So richtig überraschend ist es nicht: Peer Steinbrück soll nach dem Willen der SPD-Spitze der Kanzlerkandidat der Partei 2013 werden. Gefragt hatte keiner – eine Urabstimmung wie bei den Grünen ist diesbezüglich nicht vorgesehen, was aber nicht weiter verwundert, wenn man sich das Drama dort ansieht. Allerdings wird Steinbrück natürlich auf einem Parteitag noch gewählt werden müssen. Bleibt die Frage: Kann er es?
Ich mag Peer Steinbrück irgendwie. Ich war 2007 in Berlin und er war auch nochmal in Markt Schwaben (im Januar 2008) bei den Schwabener Sonntagsbegegnungen, wo ich ihm jeweils begegnet bin, und ich war durchaus recht beeindruckt von seiner Art und seinem recht umfassenden Wissen.

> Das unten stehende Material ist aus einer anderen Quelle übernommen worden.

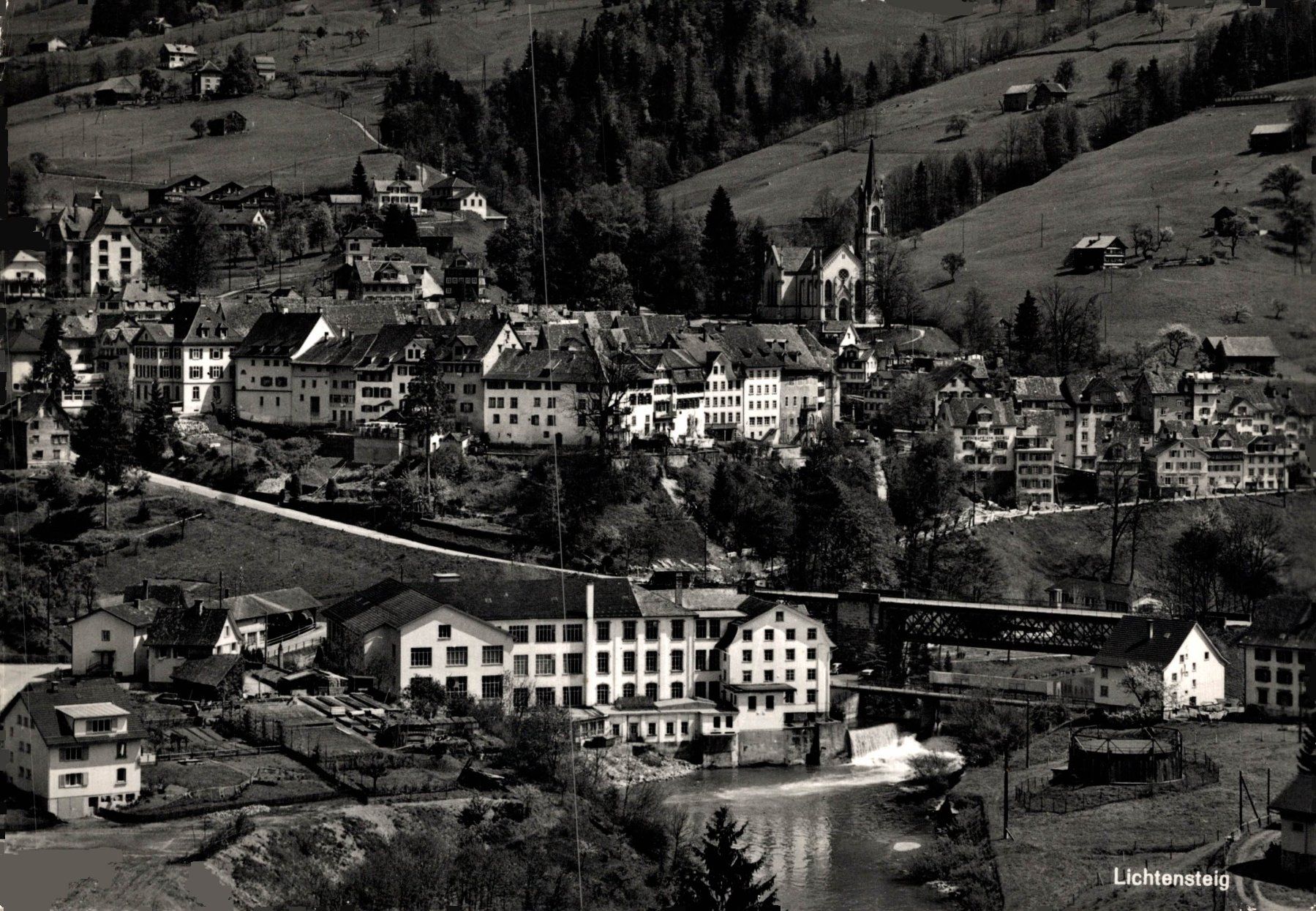 Cartes postales: Lichtensteig. Fabrikanlage Fein-Elast Grabher AG – D'occasion à Bronschhofen par Astore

Steinbrück ist zwar ein weiterer SPD-Konservativer, der damit auch für eine SPD steht, die sich der Spaltung der Gesellschaft durch ihre Politik nicht wirklich bewußt geworden ist, aber die Parteilinke hat tatsächlich niemanden im Angebot derzeit, der sich Angela Merkel entgegenstemmen könnte.
Das Phänomen Merkel, deren Beliebtheit der Kabarettist Urban Priol nur damit erklären kann, daß „man sie mit Politik nicht in Verbindung bringt„, ist ohnehin ein seltsames: Innerparteilich ist sie unumstritten weil sie nach und nach sämtliche potentiellen Konkurrenten ausgeschaltet hat, in der Bevölkerung gilt sie als beliebt, obwohl die Mehrheit der Bevölkerung ihre Politik ablehnt.
Die SPD hat seit der Bundestagswahl 2009 ein wenig wieder aufgeholt, beim aktuellen Deutschlandtrend liegt sie bei etwa 30%, sieht man sich allerdings den derzeitigen Umfragestand an (28.9.2012), so schwankt die SPD zwischen 26 und 30%, die CDU hingegen zwischen 34% und 38%.
Ich bin sehr gespannt, ob sich daran in den nächsten Tagen etwas ändern wird. Im Direkten Vergleich jedenfalls schneidet bislang keiner der Troika entsprechend besser ab als Merkel, wie selbst der Donaukurier bemerkt. Das könnte sich allerdings mit der Fokussierung auf Steinbrück ändern.
Unabhängig von den Machtoptionen ist es allerdings für eine Bundesregierung dringend notwendig, in Sachen Krise aktiv zu werden und nicht vor lauter Nicht-Entscheidungen interessante Vorgänge hinter den Kulissen ablaufen zu lassen. Die derzeitige Bundesregierung wird vor allem durch Uneinigkeit (Betreuungsgeld zum Beispiel), Unfähigkeit (Die Krise holt endlich Deutschland ein) und fragwürdige Selbstbedienungspolitik (Mövenpick oder Niebels Dreckiges Dutzend) auffällig, Regierungsarbeit ist das keine. Kein Wunder, daß die Kanzlerin lieber „Europa moderiert“.
Ob Peer Steinbrück angesichts einer zum Teil recht fragwürdigen Verbandelung mit Lobbyisten wirklich in der Lage ist, sich als eine Alternative zu Merkel zuverkaufen wird man sehen müssen. Zumindest die deutsche Presse wird sich, nach gefühlt drei Steinbrück-Artikeln pro Tag, sicherlich dafür zur Verfügung stellen.
Nachtrag:
Steinbrück war es, der mich auf einen interessanten Punkt 2008 gebracht hatte und der gerade wieder aktuell geworden ist: Die Chinesen sind ein sehr geduldiges Volk. Nach und nach kauften die Chinesen amerikansiche Staatsanleihen auf, im Dezember 2011 schuldeten die Amerikaner China 1,16 Billionen Dollar. Das sind 1.116.000.000.000$! Das ist deswegen spannend weil damit die letzte verbliebene kommunistische Supermacht der Welt die größte kapitalistische Supermacht der Welt beinahe kontrollieren kann. Parallel kauft China derzeit in unbescheidenen Mengen nicht nur Rohstoffquellen in Afrika, sondern auch eine ganze Menge mehr. Und nun fährt Merkel nach China und bittet die Chinesen um Hilfe bei der Euro-Rettung, was diese auch versprechen. Allerdings gehen damit auch Forderungen einher und nun wird es pikant: Was genau würde eigentlich passieren, wenn die USA und die EU mehr oder weniger von den CHinesen finanziell abhängig sind?
Ein Vorgang, dem sich eine Regierung bewußt sein sollte. Mal sehen, ob es die Regierung Merkel noch merkt. Steinbrück weiß das bereits.